Of course, the optimal syntax would be something like:

m[2..5, 0..$, 3, $-1..$],

which would be easiest to implement by making a..b a value in it self of an integral range type. Intriguingly, integral ranges would just be an implementation of the same range concept you have already presented.

-- 
Oskar
September 11, 2008
"Bill Baxter" wrote
>> Thus one can implement iterators on top of ranges, but I'd argue that
>> ranges
>> are much easier to implement on top of iterators.
>
> Ranges are safer and easier to work with in most cases so it's worth it, or so the argument goes.  You don't buy it?

I can define an iterator and it doesn't mean that it makes ranges any less safe.  Just give me the choice, if I think iterators are a better fit, I might choose iterators.  But having to shoehorn ranges into an iterator form so that I do not wince at the ugliness of my code seems like unnecessary baggage.

I believe that when you are actually using a range of values, a range form is a much better, safer fit.  When you want just a pointer to a single value, then a pointer-form is a better fit.  But I want to be able to construct ranges from pointers.  I want to save pointers.  I want to use pointers to refer to elements in a collection.  I want to use pointers to move one-at-a-time along a node-based container.  I don't want to 'emulate' pointers using ranges.  I don't want the library to resist me doing what I find natural.

This goes back to a lot of the points I've brought up about 'safety' issues in D.  D is a systems language, I like the safety by default, but when I can gain something by breaking the safety, I want to be able to do it efficiently, and without resistance from the compiler.  Like logical const.
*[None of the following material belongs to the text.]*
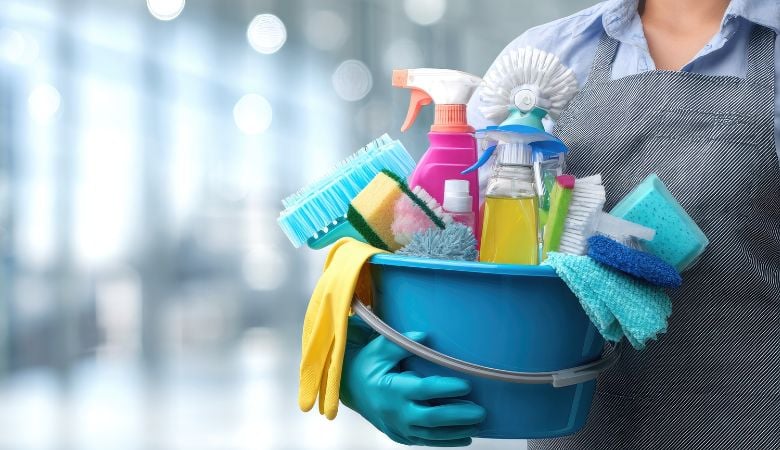 Kotisiivous pääkaupunkiseudulla 3–8 h – myös muuttosiivous | Cleava Siivouspalvelut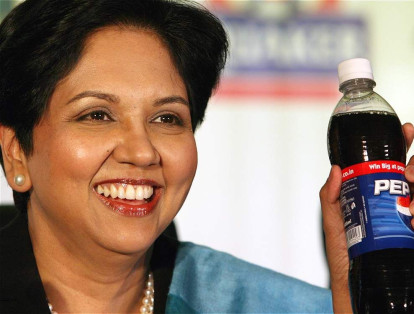 Indra Nooyi.  El primer trabajo de la directora ejecutiva de Pepsico fue como recepcionista. En 2014 fue nombrada la tercera mujer más poderosa en los negocios, según la revista Fortune.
I've proven it's possible to emulate, but at a performance disadvantage. This is no different, you can emulate iterators, but at a performance (and code bloat) disadvantage.  Granted the disadvantage isn't as big for this as it is for logical const, but the question still remains - if I can do it already, why is it so bad if it's supported natively?

Anyways, I'm going to leave the discussion, I think I've said all I can about my views.  I'm not really good at explaining things anyways.  But I will update dcollections with what I think is the best compromise.  Then I might have a better understanding of how ranges fit into a collection package.  The good news is I don't have to worry about the language not providing iterators, everything is going to be library based, so we can easily try out both ways and see which is easier to use.

-Steve


September 11, 2008
Benji Smith wrote:
> Bill Baxter wrote:
>> Ok, but I have yet to hear an actual use case that demands blazing
>> fast iteration both forwards and backwards.  In your shuffling video
>> there's no way moving the iterator back and forth is going to be the
>> bottleneck.  In my undo/redo stack example it is also far from being
>> on the critical path.    I think it goes back to the fact that going
>> back and forth randomly isn't a property of many algorithms.  In all
>> the examples I can think of it's more a property of how humans
>> interact with data.  And humans are slow compared to how long it takes
>> to update a few extra values.
> 
> Oh!! I thought of one!!
> 
> Parsers & regex engines move both forward and backward, as they try to match characters to a pattern.

They do backtracking, which is different than iterating backward.  I would suggest that a parser should use a stack of forward iterators instead.  That's my $.02, at least.

> Really, anything that uses an NFA or DFA to define patterns would benefit from fast bidirectional iteration...

DFAs can't backtrack, so they don't require backward movement through the input.  NFAs might, depending on the implementation (are you going to use guess-and-backtrack, or parallel execution?) but I would again suggest that a stack (or "TODO list") of forward iterators might work better than backtracking.